May 13th – Salisbury Plain   Leave a comment

Today Margaret, Ewan and I went to see the Great Bustard re-introduction scheme on Salisbury Plain. My interest was two-fold, to see the bustards and to year-tick the Stone-curlews that nest inside the release pen. You are not allowed to search for the bustards yourself, partly to prevent disturbance and partly because it’s a military area, so we joined the guided tour that left the pretty village of Enford at 0930.

 

We joined the tour at the pretty village of Enford.

The re-introduction of Great Bustards to Salisbury Plain is not without its critics, some see it as unnecessary waste of money that could be spent on other aspects of conservation, others see that collecting Bustard eggs in Russia might damage the native population. Both criticisms are without foundation. Much of cost is privately funded through subscriptions or donations to the Great Bustard Group and eggs are only collected from areas where the nests would certainly be destroyed by agricultural processes. For more information on the scheme and how to visit see http://greatbustard.org/

Although over 150 birds have been released over the last nine years less than 20 are known to still survive, although a few may occupy areas of the Plain that are completely inaccessible due to the high risk of unexploded shells. An 80% mortality is normal in wild reared populations mainly due to fox predation and the foxes on Salisbury Plain have taken their toll. Although several females have bred over the last few years it is not known if any young have reached maturity. One or two non wing-tagged individuals exist but they might be birds that have lost their tags. Several males have reached full size, about the size of a cock turkey, they at least are immune to fox attack.

The release pen is not a cage, the birds are free to come and go as they please, but it is fox proof and the area is planted with the crops they prefer. There are also decoys to attract the birds, which are sufficiently realistic to cause the big male to mate with them.

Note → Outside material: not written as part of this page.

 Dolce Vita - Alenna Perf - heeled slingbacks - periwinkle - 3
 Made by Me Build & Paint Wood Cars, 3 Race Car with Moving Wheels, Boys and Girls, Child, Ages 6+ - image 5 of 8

Currently five males, a five-year, a four-year and three one-year olds regularly using the release pen and can be seen from the hide that overlooks the area. It is hoped that most of the females are on eggs somewhere.

The release pen from the quarantine area. The viewing hide is on the hill to the left.

 

All five birds were by the rear fence of the enclosure. The big male, challenged by the younger male took one of its tail feathers …………..

 

…. and then proceeded to peck and shake the feather repeatedly before starting to display …..

 

…. and turned ‘itself inside’ out in the famous ‘foam bath’ display. There is no doubt who is in change on the Plain. Two of the one year old males can be seen in the foreground.

 

A pair of Stone-curlews take advantage of the fox proof enclosure. This poor digiscoped shot shows the distant pair with a single pullus between them.

 

During the evening Margaret’s friend Jenny came round for a meal after attending a music workshop nearby. Jenny came on our South African trip in early 2011 along with my friend Ewan.